Lo grave es que ese mundo interior les basta. La secta endogámica es tan poderosa que casi se permite vivir sin lo exterior. Solo necesitan nuestro voto una vez cada seis años. Ahora llega ese momento y los precandidatos desfilan por las pantallas y las redes sociales como si fueran extraterrestres. No hay un solo gesto de humanidad, un solo momento de empatía, de acercamiento genuino, no hay pistas de que son seres humanos. A ellos esta fórmula les ha funcionado, pero qué dice este éxito sobre nosotros. ¿Cómo fue que lo permitimos?
Un país con tanta necesidad de seriedad, de compromiso, de alguien real y capaz, se enfrenta a un grupo de personajes que juegan al té. La palabra “jugar” no sobra, hay algo sumamente lúdico en sus actitudes, como si todo fuera un juego de niños. Los oficiales, la oposición, los de chiste, los oportunistas, todos juegan un juego a ver qué pieza del pastel les toca. Los procesos electorales deberían ser espacios de debate de ideas y construcción de proyectos de país, lo que vemos son proyectos de culto a personalidades. A los únicos que realmente les interesa es a los que piensan que el poder puede salpicarles beneficios. Ellos ya están alineados, echando porras, buscando un apapacho o una palmadita en la espalda que los haga sentir importantes y legitime su existencia política. En su novela “Esa Fuerza Maligna”, C.S. Lewis plantea la necesidad de pertenencia al “círculo interno” como uno de los efectos más perversos y destructivos del poder político; en México vemos como figuras de todos los sectores van poco a poco cayendo. La tentación es grande.

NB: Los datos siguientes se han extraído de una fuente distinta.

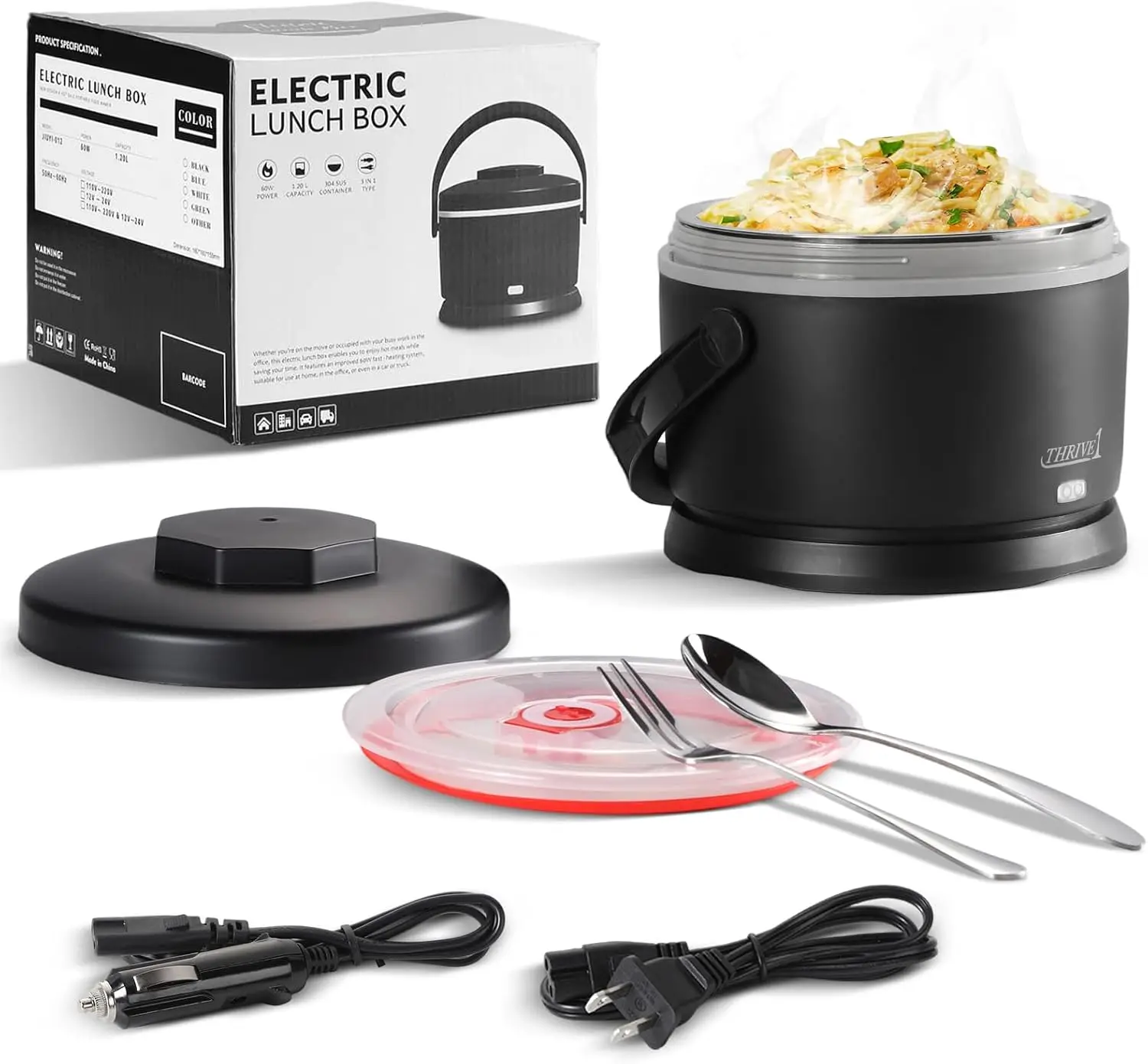 

Электрический ланч-бокс, 40 унций, портативный подогреватель еды, 12 В/24 В/110 В/220 В, черный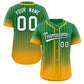 Custom Kelly Green Yellow-White Gradient Stripe Fashion Authentic Baseball Jersey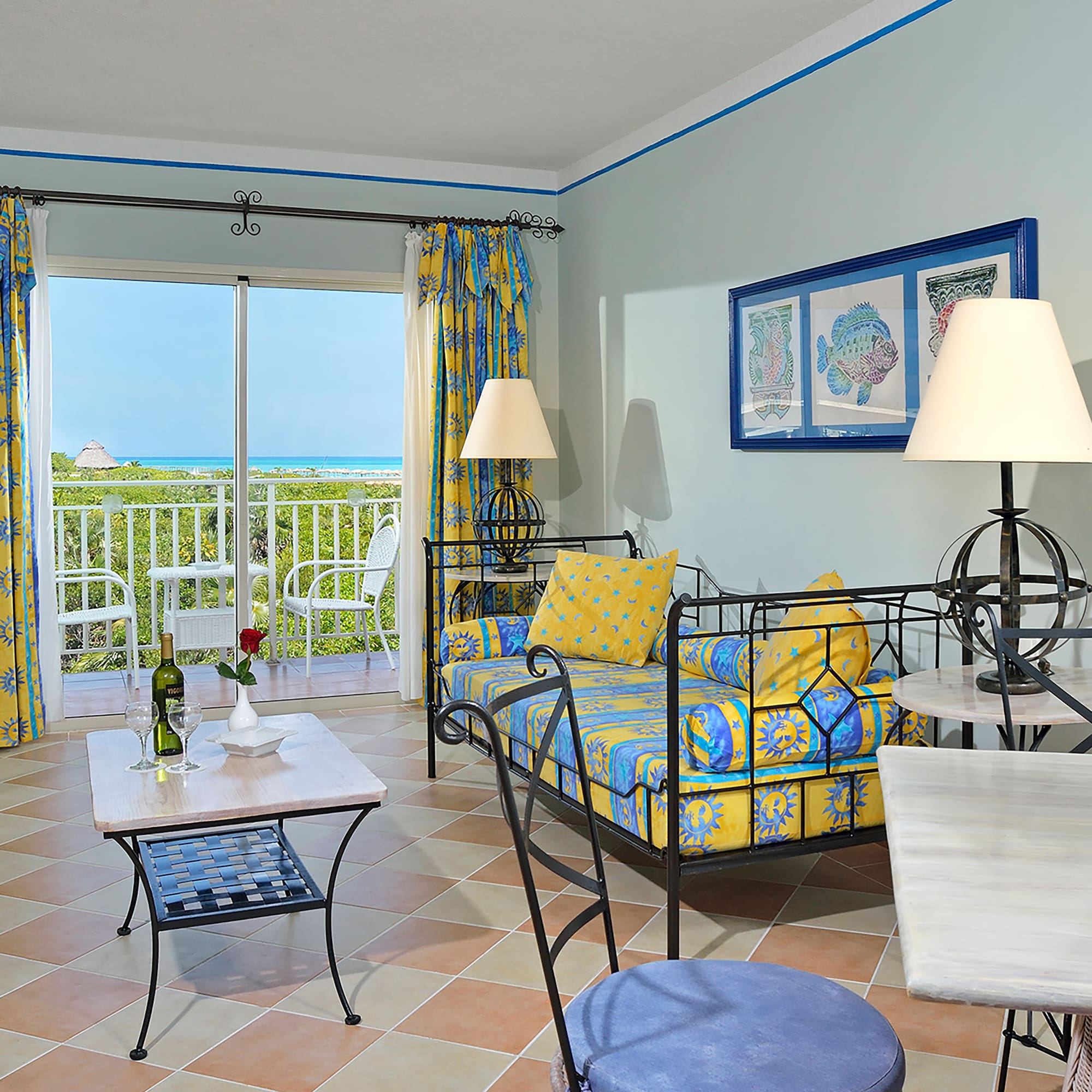 a room with a couch and table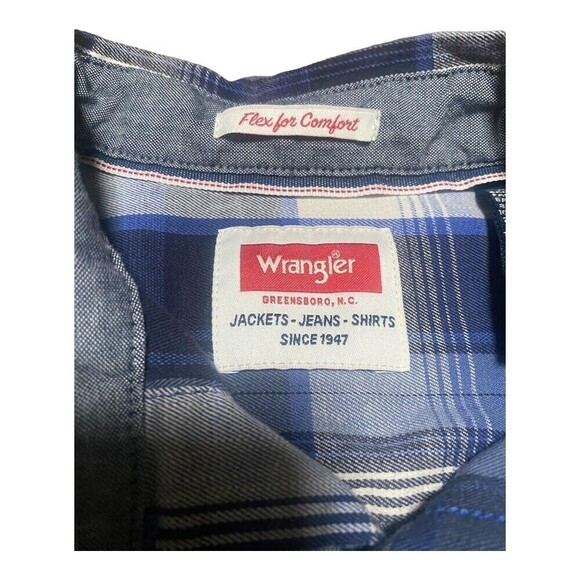 Wrangler Shirt Men's Size Small Plaid Long Sleeve Button Up - Picture 6 of 11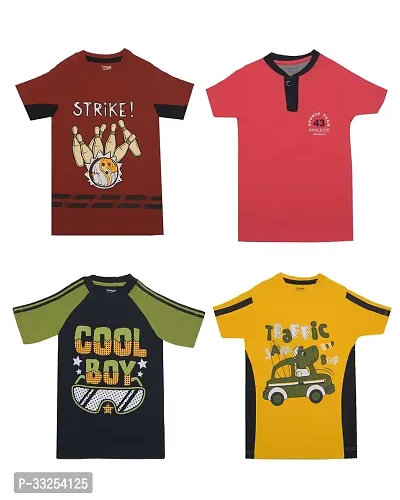 Stylish Multicoloured Cotton Printed T-Shirt For Boys Pack Of 4-thumb0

¿Qué hacemos viendo este despropósito? ¿Morbo o complicidad? En lugar de exigirles rendir cuentas, sentarse en el banquillo y presentar proyectos reales, los vemos desfilar al tono de la narrativa que ellos mismos imponen. ¿Qué no somos nosotros los que tenemos qué elegirlos? ¿Qué no somos nosotros los que tenemos que exigirles lo que necesitamos de ellos para poder tomar la decisión? Estamos pasmados en el maravilloso juego de la intriga, sin darnos cuenta de que ellos pusieron las reglas y al hacerlo han invertido los roles. El país espera quién será ungido presidente, en lugar de que el país analice quién debe ser electo presidente.
Los políticos mexicanos de todos los partidos parecen vivir en un espacio paralelo de la realidad. Se congratulan, se traicionan, planean y se reparten como si el país fuera un tablero de Monopoly. Entre todos sus muchos defectos, al menos el presidente López Obrador parece real y genuino comparado con ellos, quizás ese sea uno de los grandes secretos detrás de su popularidad. Un hombre que al menos pretende ser genuino entre muchos que ya ni siquiera se acuerdan como serlo.
Por eso si uno se atreve a tomar una bocanada de aire, salir del frenesí y separarse un poco de la pegajosa coyuntura, lo que se ve es cómico en un sentido trágico, intrascendente en un sentido histórico y grotesco en un sentido absurdo. Entre tanto cartón, simulación y pequeñez da una incontenible sed de algo, cualquier cosa, que parezca humana.